Problem details: Where an image appears, leave it out; otherwise repeat the data exactly.

==== Dataset section

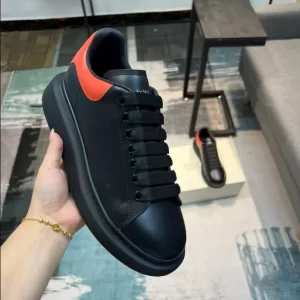 Alexander McQueen Oversized Sneaker - RAS22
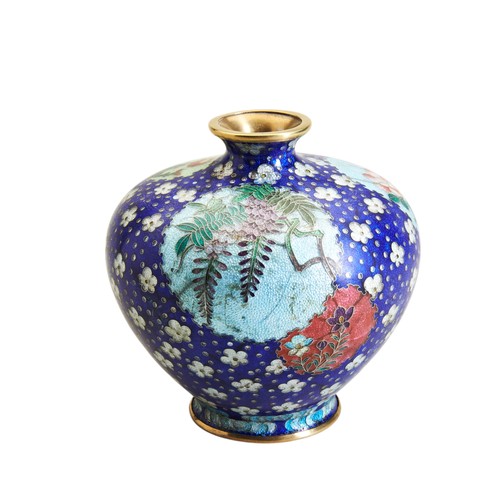 12 - A SMALL JAPANESE GINBARI JAR AND COVERMEIJI PERIOD (1868-1912)the sides decorated with iris's, again... 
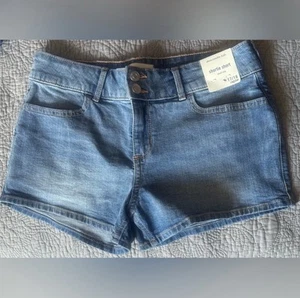 NWT Abercrombie Kids Mid Rise Shortie Short - Picture 1 of 4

========

Result of the exercise:
 Alexander McQueen Oversized Sneaker - RAS22
 12 - A SMALL JAPANESE GINBARI JAR AND COVERMEIJI PERIOD (1868-1912)the sides decorated with iris's, again... 
 NWT Abercrombie Kids Mid Rise Shortie Short - Picture 1 of 4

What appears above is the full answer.